Ein paar Schritte weiter ein kleines Dach, das fast zu klein ist, und darunter die Hopfensau. Bier aus der Betonmischmaschine. Kupfern glänzend, penibel poliert, steht ein Gerät im Mittelpunkt der Aufmerksamkeit, das die ultimative Weiterentwicklung des klassischen Betonmischers ist: Eine Hobbybrauanlage. Hier kann sich der Maurer sein Frühstück selbst brauen und fühlt sich gerade wie am Arbeitsplatz. Ist es mehr Gag als effiziente Technik, oder funktioniert es doch ganz hervorragend? Ich weiß es nicht, aber es erregt auf alle Fälle Aufsehen: Trotz des Regens stehen immer ein paar Interessierte um die Konstruktion herum.
Nachdem wir den Rundgang durch die Nässe beendet, einen Burger als Fundament für die kommende Bierverkostung im strömenden Regen gegessen und mit im Nacken herunterrinnenden Wassertropfen die Hopfensau gebührend besichtigt haben, ziehen wir uns ins Zelt zurück und suchen uns einen Platz. Schlagartig hört draußen der Regen auf, und die Sonne kommt heraus. Petrus scheint etwas gegen uns zu haben und spielt ein unfaires Spiel mit uns.
Rasch werden die Seitenwände des Zirkuszelts abmontiert, die Sonne wird hereingelassen. Zeit, die Bierliste zu studieren.
Ach, was heißt Bierliste? Es ist viel mehr, denn alles wird detailliert beschrieben. Zunächst eine Auflistung der teilnehmenden Brauereien, und zu jeder ein paar Erläuterungen:
- Alefried (AUT)
- Bakunin (RUS)
- Barut (SVN)
- Bevog (AUT)
- Blakstoc (AUT)
- Brewdog (GBR)
- Brasserie de la Senne (BEL)
- De Molen (NLD)
- Dogma (SRB)
- Eastside (ITA)
- FrauGruber (DEU)
- Garage Beer (ESP)
- Harbour (GBR)
- Kees (NLD)
- Monyo (HUN)
- Muttermilch (AUT)
- Oedipus (NLD)
- O’Hara’s (IRL)
- Pelicon (SVN)
- Põhjala (EST)
- Stone (DEU/USA)
- To Øl (DNK)
- Wild Beer (GBR)
23 Brauereien. Einerseits begeisternd. Eine tolle Auswahl, ein Wahnsinnsangebot. Andererseits frustrierend. Da schaffen wir ja nicht einmal ein Bier von jeder Brauerei. Und da jede Brauerei auch mehrere Biere dabei hat und die Liste insgesamt 101 Positionen umfasst, werden wir am Ende einer langen Verkostung immer noch zur langen Theke schielen und kucken, was wir alles haben auslassen müssen.

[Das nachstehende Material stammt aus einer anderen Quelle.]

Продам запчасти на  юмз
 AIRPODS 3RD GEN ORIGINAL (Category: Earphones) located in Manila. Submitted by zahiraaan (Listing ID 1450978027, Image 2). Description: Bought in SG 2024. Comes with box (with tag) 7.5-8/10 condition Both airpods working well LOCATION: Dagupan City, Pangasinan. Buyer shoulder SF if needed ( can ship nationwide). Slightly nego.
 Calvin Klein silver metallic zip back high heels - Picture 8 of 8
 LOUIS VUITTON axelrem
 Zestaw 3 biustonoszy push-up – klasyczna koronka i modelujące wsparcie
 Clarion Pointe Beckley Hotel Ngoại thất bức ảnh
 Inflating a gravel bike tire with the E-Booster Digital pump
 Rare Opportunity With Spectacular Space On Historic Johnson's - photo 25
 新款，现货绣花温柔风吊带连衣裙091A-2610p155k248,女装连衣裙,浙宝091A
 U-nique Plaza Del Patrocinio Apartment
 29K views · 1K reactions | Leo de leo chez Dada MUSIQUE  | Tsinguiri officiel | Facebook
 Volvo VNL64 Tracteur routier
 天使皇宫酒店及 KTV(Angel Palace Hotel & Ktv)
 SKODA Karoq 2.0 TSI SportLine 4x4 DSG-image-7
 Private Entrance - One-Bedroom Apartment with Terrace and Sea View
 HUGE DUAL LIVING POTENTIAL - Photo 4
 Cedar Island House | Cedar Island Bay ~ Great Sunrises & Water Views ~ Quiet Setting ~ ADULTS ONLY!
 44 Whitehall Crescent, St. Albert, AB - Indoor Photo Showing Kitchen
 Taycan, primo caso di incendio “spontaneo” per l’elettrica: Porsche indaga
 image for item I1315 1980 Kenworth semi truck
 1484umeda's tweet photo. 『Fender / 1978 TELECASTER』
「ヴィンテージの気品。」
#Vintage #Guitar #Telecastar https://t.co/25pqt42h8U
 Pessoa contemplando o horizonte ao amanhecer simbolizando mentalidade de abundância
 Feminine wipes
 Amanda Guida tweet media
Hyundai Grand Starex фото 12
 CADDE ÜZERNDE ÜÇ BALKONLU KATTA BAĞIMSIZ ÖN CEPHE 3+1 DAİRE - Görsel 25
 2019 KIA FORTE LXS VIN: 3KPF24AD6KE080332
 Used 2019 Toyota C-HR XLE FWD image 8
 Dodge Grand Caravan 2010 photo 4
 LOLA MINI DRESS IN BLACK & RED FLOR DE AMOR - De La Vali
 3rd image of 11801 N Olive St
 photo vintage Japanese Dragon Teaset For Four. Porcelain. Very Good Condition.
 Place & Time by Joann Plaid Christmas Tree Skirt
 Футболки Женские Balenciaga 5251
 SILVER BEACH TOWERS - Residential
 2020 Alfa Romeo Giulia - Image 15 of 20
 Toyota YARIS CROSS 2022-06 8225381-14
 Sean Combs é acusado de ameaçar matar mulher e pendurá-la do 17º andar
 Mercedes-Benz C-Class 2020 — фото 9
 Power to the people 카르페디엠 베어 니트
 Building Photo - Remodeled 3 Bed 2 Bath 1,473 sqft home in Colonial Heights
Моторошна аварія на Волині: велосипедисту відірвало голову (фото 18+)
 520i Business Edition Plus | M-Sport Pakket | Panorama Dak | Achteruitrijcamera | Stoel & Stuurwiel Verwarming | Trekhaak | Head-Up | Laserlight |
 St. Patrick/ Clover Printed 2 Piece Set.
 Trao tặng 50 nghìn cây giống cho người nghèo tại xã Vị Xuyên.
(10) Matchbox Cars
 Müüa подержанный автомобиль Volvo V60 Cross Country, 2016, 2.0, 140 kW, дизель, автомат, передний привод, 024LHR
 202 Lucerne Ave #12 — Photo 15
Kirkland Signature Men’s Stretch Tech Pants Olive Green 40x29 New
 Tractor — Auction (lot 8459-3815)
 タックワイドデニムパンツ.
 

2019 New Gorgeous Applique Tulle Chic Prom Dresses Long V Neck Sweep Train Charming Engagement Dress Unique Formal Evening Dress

Aber mit Bier und Brauereien ist es nicht genug. Auf einer kleinen Bühne am Rand des Zirkuszelts spielen den ganzen Tag über verschiedene Musikgruppen: Jinho Jinza, Dej še’n litro, Fabrizio & Domenico Canale, Green Victoria und The Star Time Playboys. Am späten Nachmittag richtet dann auch noch der Comedy Circus Jackflash Show das, wofür ein Zirkuszelt eigentlich da ist, richtet eine kleine Manege ein und unterhält mit viel Witz und Akrobatik.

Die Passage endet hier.